**Exercise directions**
Below this line are records; write out exactly the lines from the one containing "Chewy honey cookies" through the one containing "MD license plate 3AA0269", with the pictures left out.

**Available data**
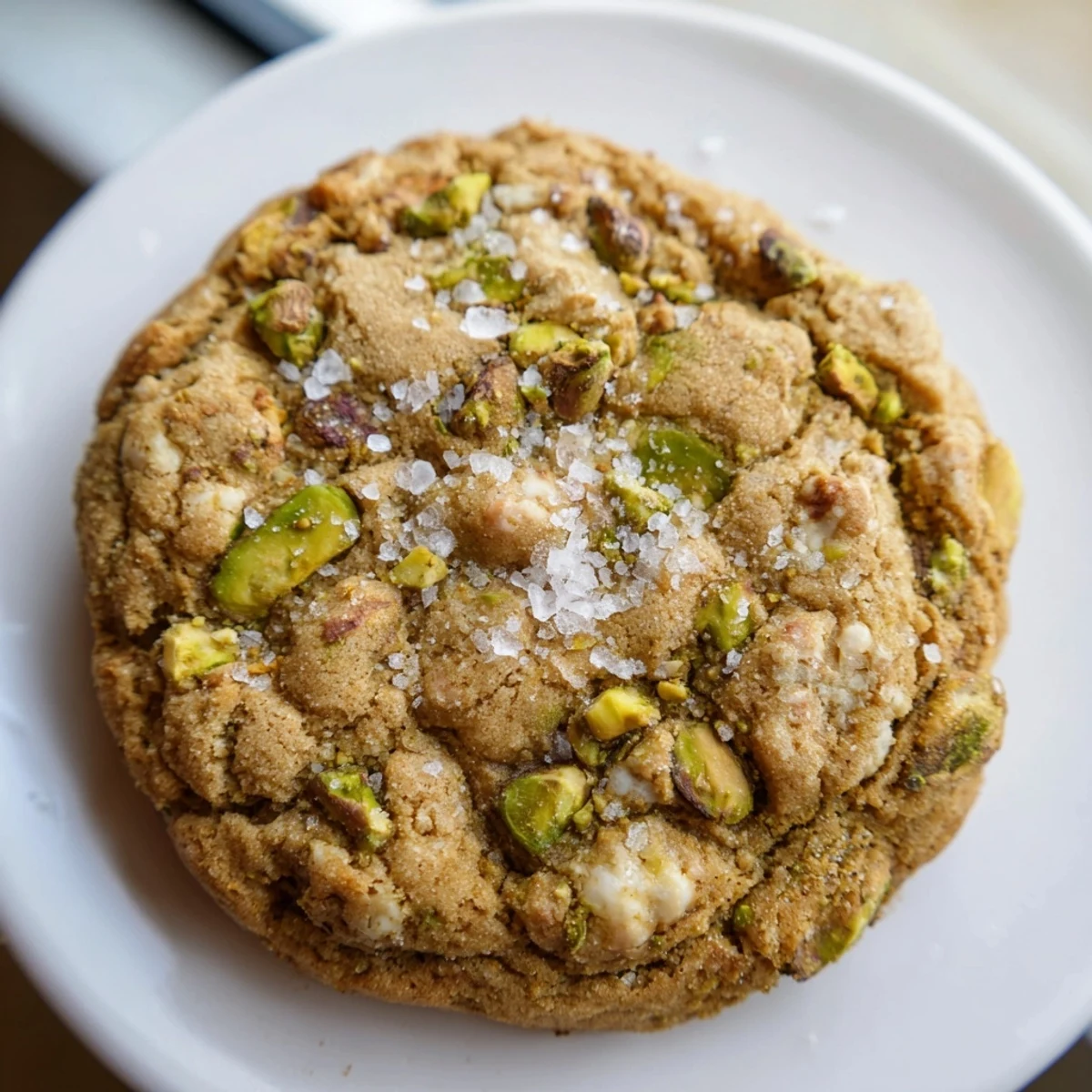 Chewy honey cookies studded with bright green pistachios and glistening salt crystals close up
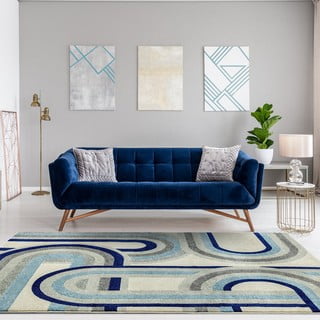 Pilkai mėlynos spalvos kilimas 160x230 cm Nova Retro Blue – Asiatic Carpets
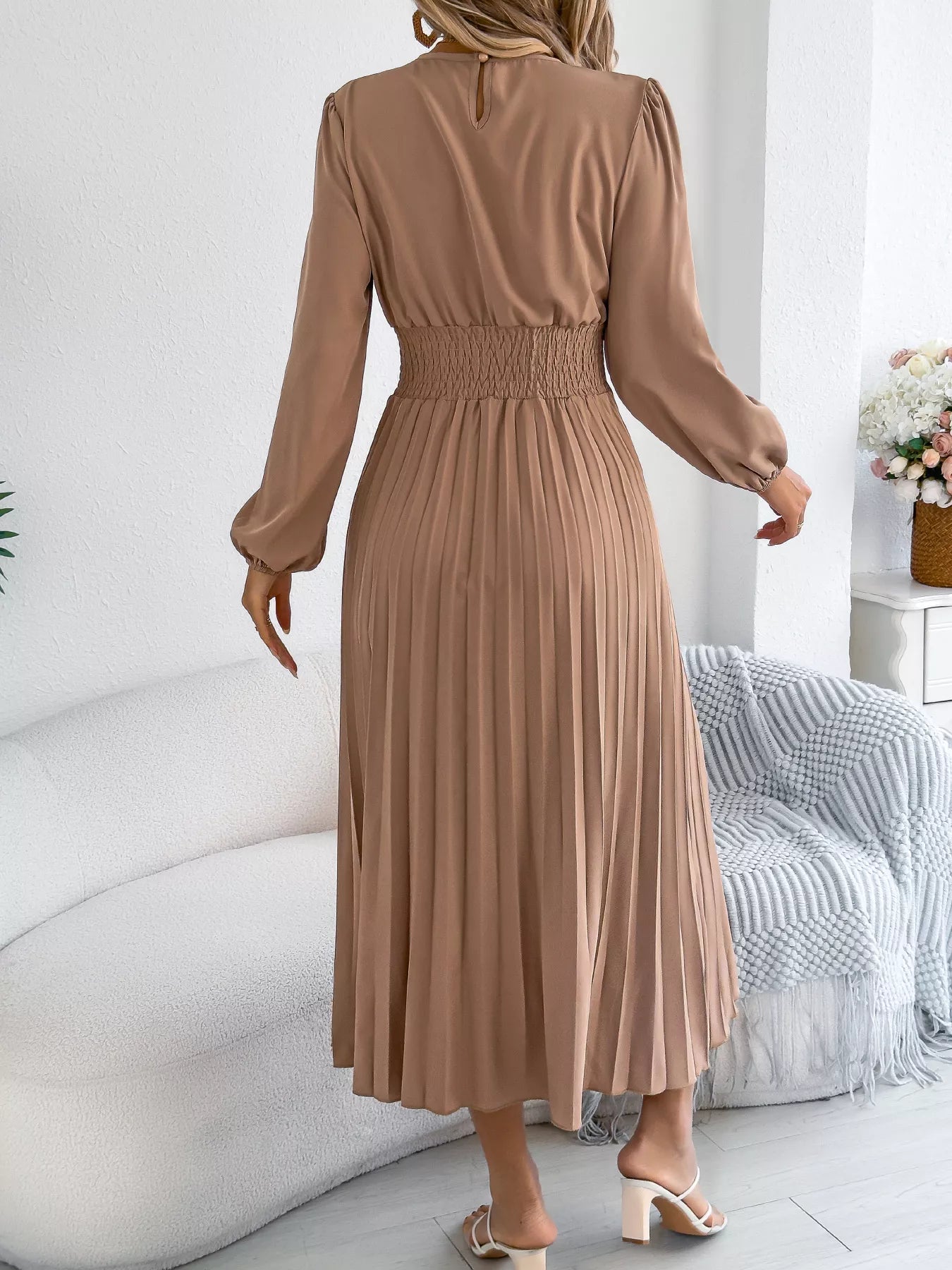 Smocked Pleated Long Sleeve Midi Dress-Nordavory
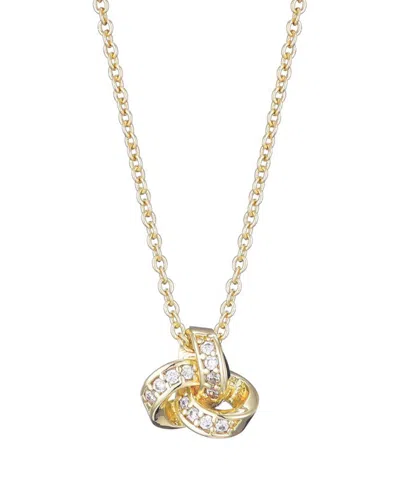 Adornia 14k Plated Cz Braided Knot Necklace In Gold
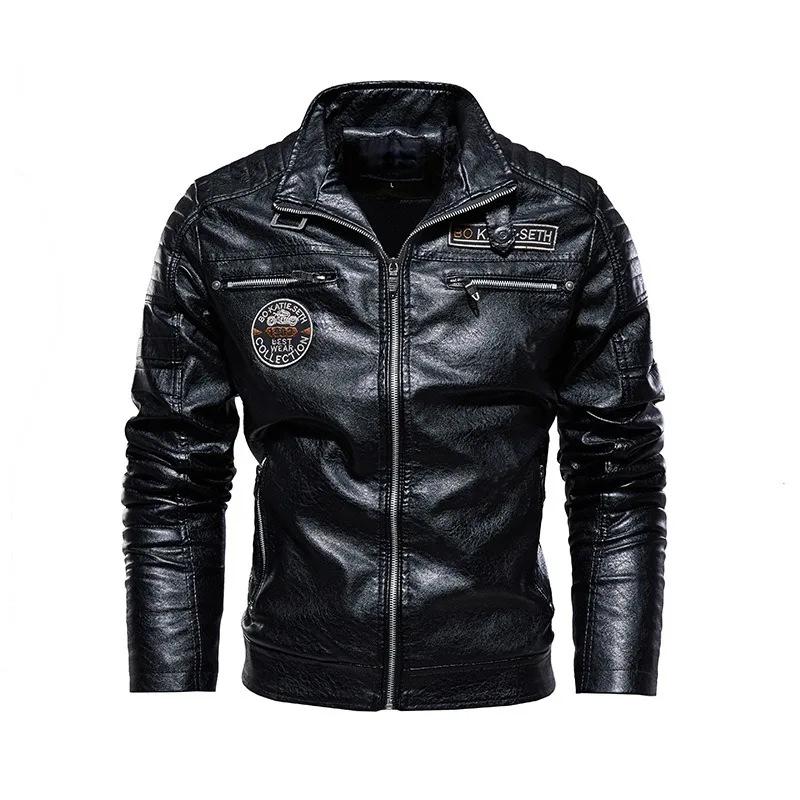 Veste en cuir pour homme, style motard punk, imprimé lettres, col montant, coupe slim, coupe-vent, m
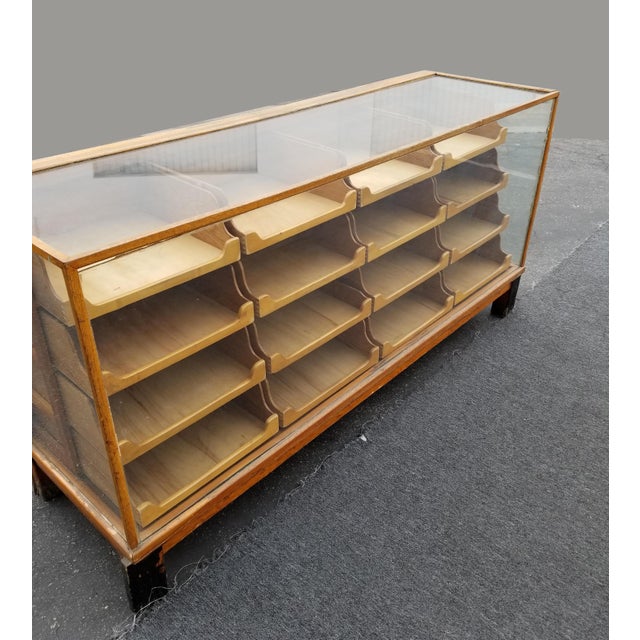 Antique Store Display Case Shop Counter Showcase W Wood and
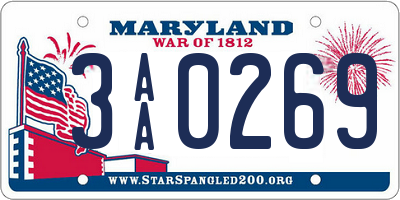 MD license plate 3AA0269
==
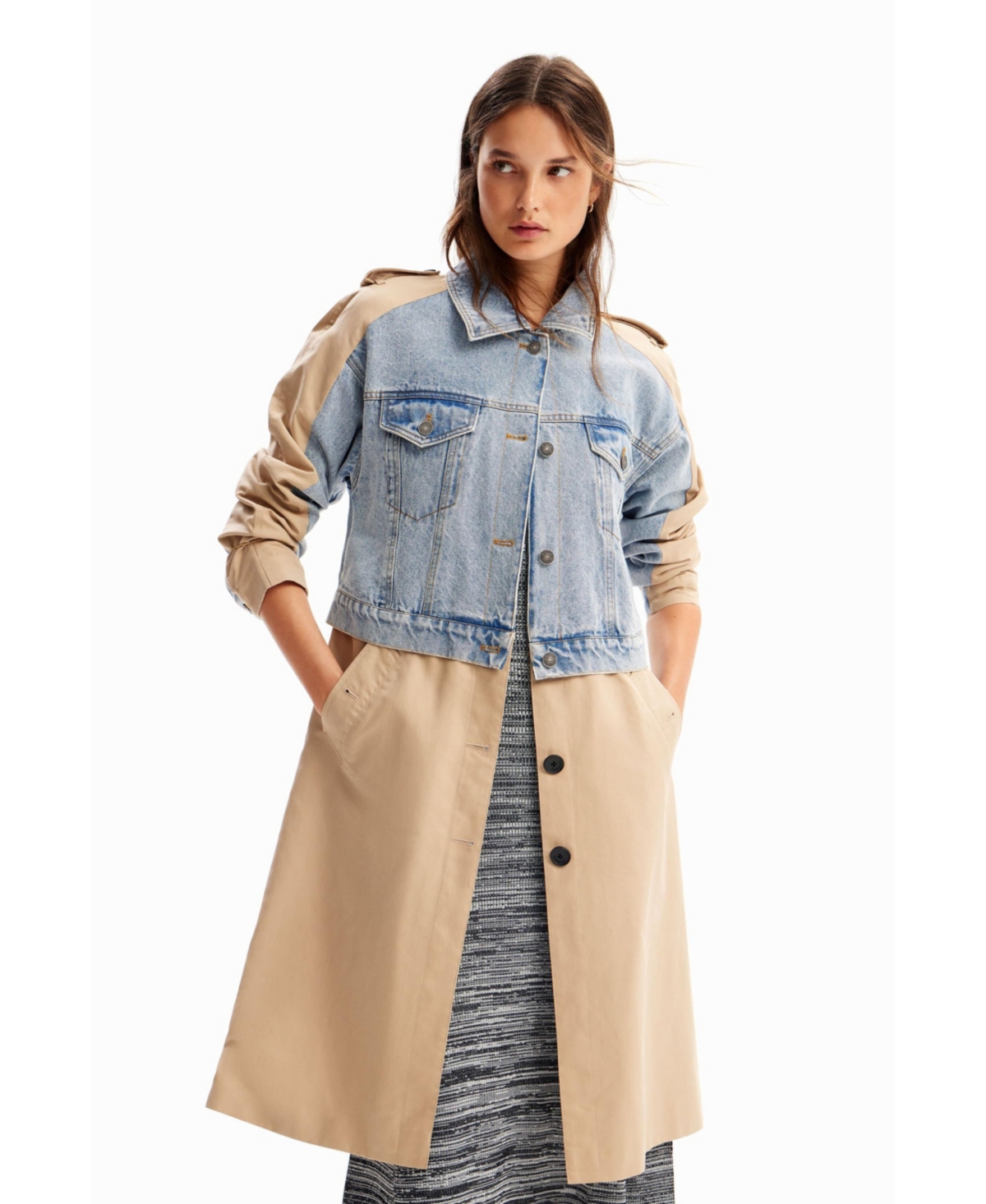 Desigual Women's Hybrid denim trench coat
---
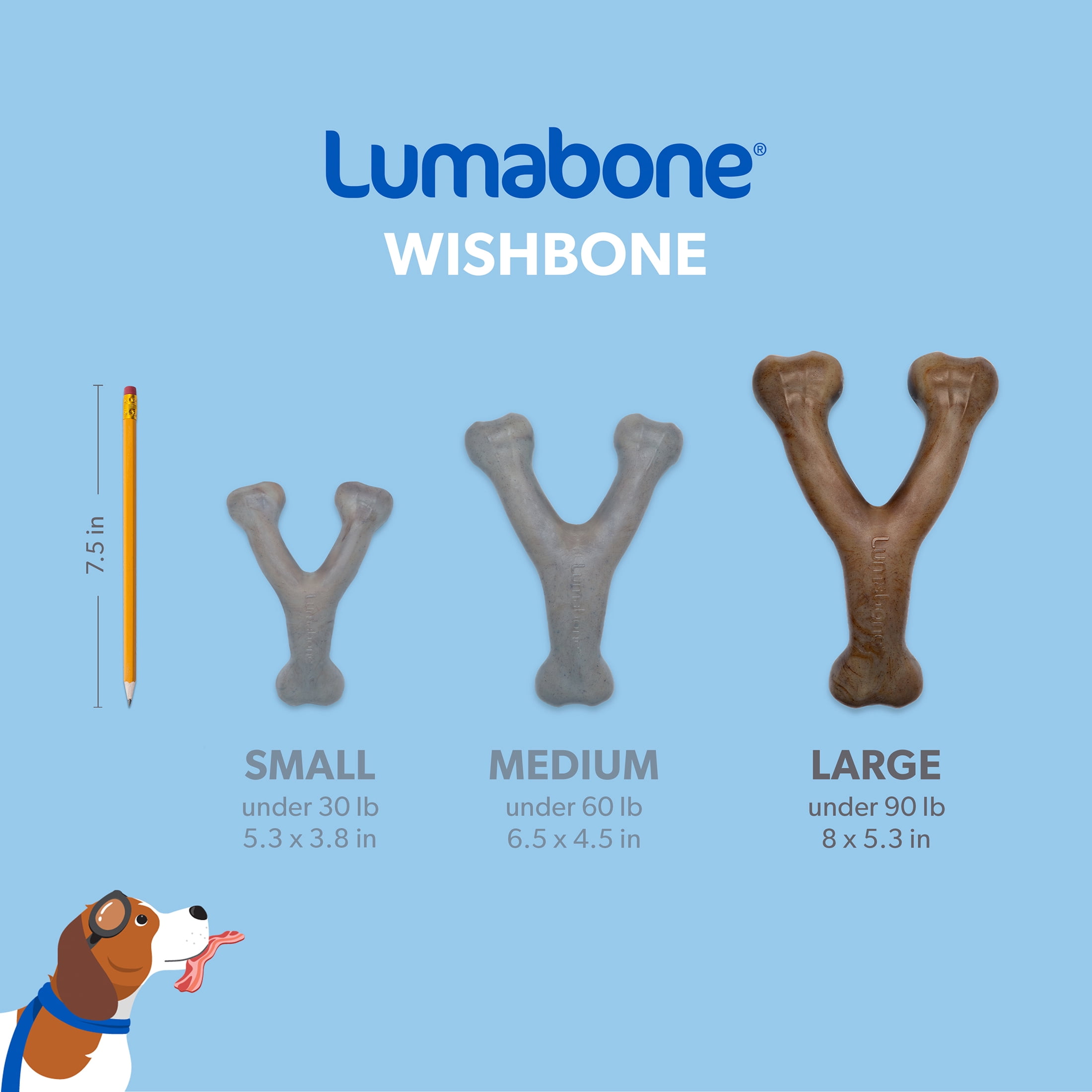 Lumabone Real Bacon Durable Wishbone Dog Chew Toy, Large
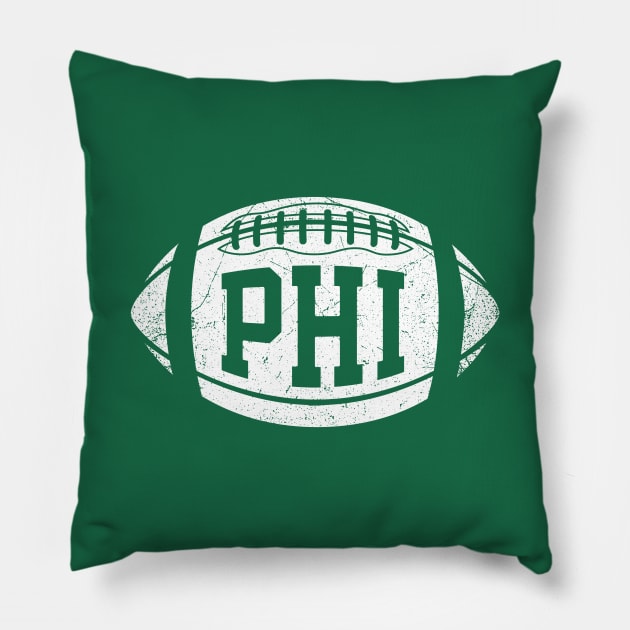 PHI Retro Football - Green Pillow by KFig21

**Output for this exercise**
 Chewy honey cookies studded with bright green pistachios and glistening salt crystals close up
 Pilkai mėlynos spalvos kilimas 160x230 cm Nova Retro Blue – Asiatic Carpets
 Smocked Pleated Long Sleeve Midi Dress-Nordavory
 Adornia 14k Plated Cz Braided Knot Necklace In Gold
 Veste en cuir pour homme, style motard punk, imprimé lettres, col montant, coupe slim, coupe-vent, m
 Antique Store Display Case Shop Counter Showcase W Wood and
 MD license plate 3AA0269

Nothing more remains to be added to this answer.